Amongst all t, we choose the one that gives us the maximum probability, and we compare that with the probability from Step 1 to come up with the final maximum probability of Ring(s, d).

Implementation:

#include <iostream>
#include <cstdio>
#include <algorithm>
#include <vector>
#include <cassert>
using namespace std;
vector<vector<int>> adj;
int dist[401][401];
constexpr int inf = 12345;
int n;
void FloydWarshal() {
  for (int k=0;k<n;++k) {
    for (int i=0;i<n;++i) {
      for (int j=0;j<n;++j){
        dist[i][j] = min(dist[i][j], dist[i][k] + dist[k][j]);
      }
    }
  }
}
vector<int> ring[401][401];
void PrepareRing() {
  for (int i=0;i<n;++i){
    for(int j=0;j<n;++j){
      ring[i][dist[i][j]].push_back(j);
    }
  }
}
vector<int> neighbour_adj[401][401];
vector<double> neighbour_prob[401][401];
void PrepareNeighbour() {
  double temp[410];
  int vis[410];
  for (int i=0;i<n;++i){
    for (int d=0;d<n;++d){
      for (int j : ring[i][d]) {
        for (int k : adj[j]) {
          vis[k] = 0;
          temp[k] = 0;
        }
      }
      for (int j : ring[i][d]) {
        for (int k : adj[j]) {
          temp[k] += 1.0/n * 1.0/adj[j].size();
          vis[k] = 1;
        }
      }
      for (int j : ring[i][d]) {
        for (int k : adj[j]) {
          if (vis[k]) {
            neighbour_adj[i][d].push_back(k);
            neighbour_prob[i][d].push_back(temp[k]);
            vis[k] = 0;
          }
        }
      }
    }
  }
}
double SecondProb(int s, int d, int t) {
  double prob_second = 0;
  double max_for_t[410];
  for (int i = 0; i < neighbour_adj[s][d].size(); ++i){
    max_for_t[dist[t][neighbour_adj[s][d][i]]]=0;
  }
  for (int i = 0; i < neighbour_adj[s][d].size(); ++i){
    int j = neighbour_adj[s][d][i];
    max_for_t[dist[t][j]] = max(max_for_t[dist[t][j]], neighbour_prob[s][d][i]);
  }
  for (int i = 0; i < neighbour_adj[s][d].size(); ++i) {
    prob_second += max_for_t[dist[t][neighbour_adj[s][d][i]]];
    max_for_t[dist[t][neighbour_adj[s][d][i]]] = 0;
  }
  return prob_second;
}
double Solve() {
  double max_prob_s;
  for (int s=0;s<n;++s){
    double prob_s = 0;
    for(int d=0;d<n;++d){
      double max_prob_t = 0;
      if (ring[s][d].empty()) continue;
      for(int t=0;t<n;++t){
        double prob_t = max(1.0/n, SecondProb(s, d, t));
        max_prob_t = max(prob_t, max_prob_t);
      }
      prob_s += max_prob_t;
    }
    max_prob_s = max(prob_s, max_prob_s);
  }
  return max_prob_s;
}
int main(){
  int m;
  scanf("%d%d",&n,&m);
  int u,v;
  for(int i=0;i<n;++i){
    for(int j=0;j<n;++j){
      dist[i][j]=inf;
    }
    dist[i][i]=0;
  }
  adj.resize(n);
  for(int i=0;i<m;++i){
    scanf("%d%d",&u,&v);
    u--;v--;
    adj[u].push_back(v);
    adj[v].push_back(u);
    dist[u][v] = dist[v][u] = 1;
  }
  FloydWarshal();
  PrepareRing();
  PrepareNeighbour();
  printf("%.12f\n",Solve());
  return 0;
}

The run time complexity analysis is another cool thing about this problem.

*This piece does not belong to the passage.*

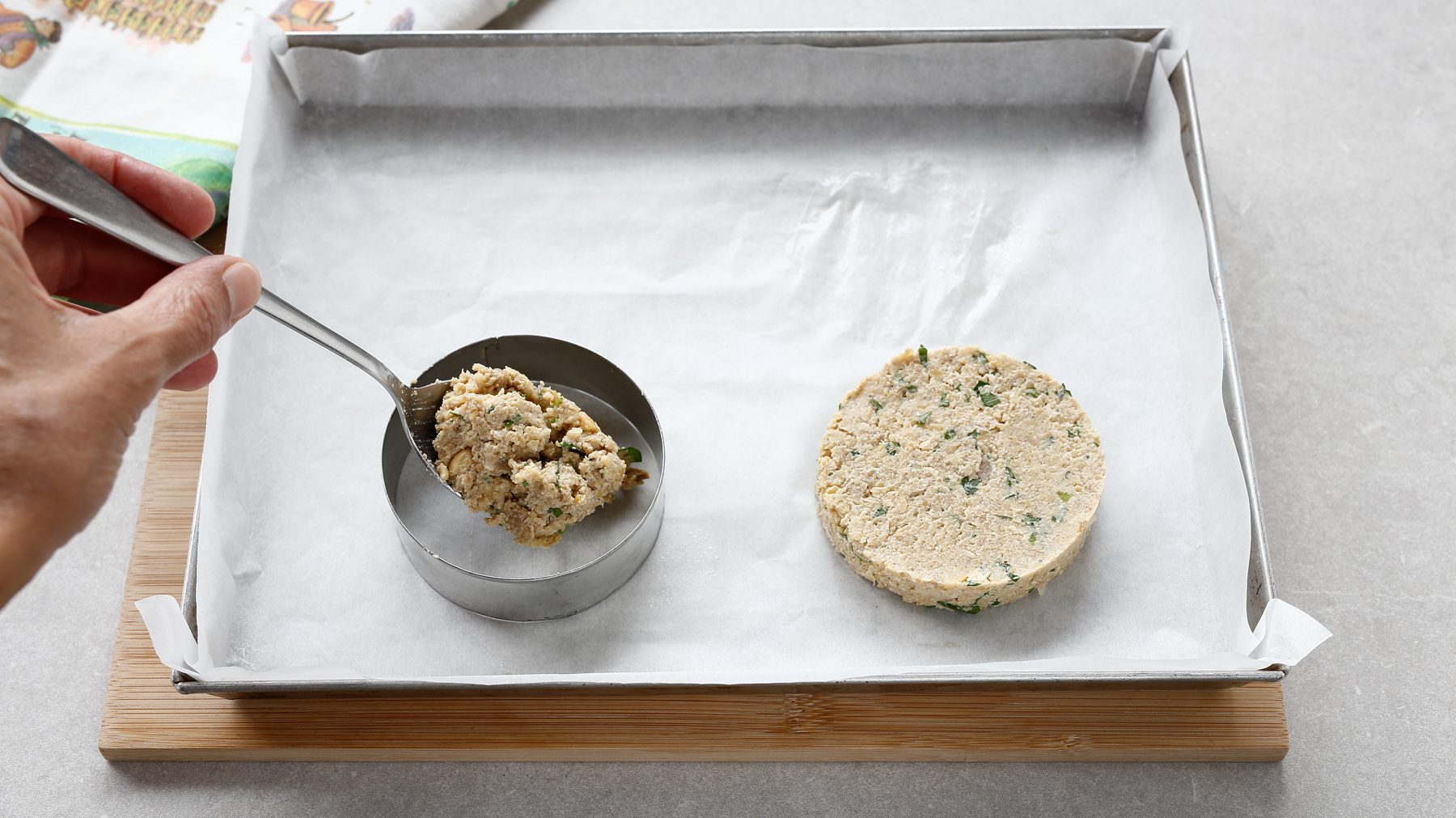 Burger di seitan la ricetta del secondo piatto vegano e gustoso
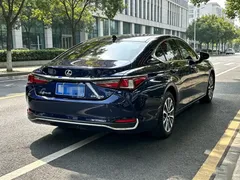 2022 Lexus ES 200 Excellence, синий — фото 6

The argument goes as follows: Fix start node s and current distance d. On step 1, we iterate through Ring(s, d). On step 2, we will at most iterate through Ring(s, d-1), Ring(s, d) and Ring(s, d+1). Then by checking the iteration s, d-1 and s, d+1, we conclude that Ring(s, d) is at most iterated 4 times, and hence overall every node in the graph is iterated at most 4 times, which is O(n) after going through all d, fixing s and t. Hence overall complexity is O(n^3).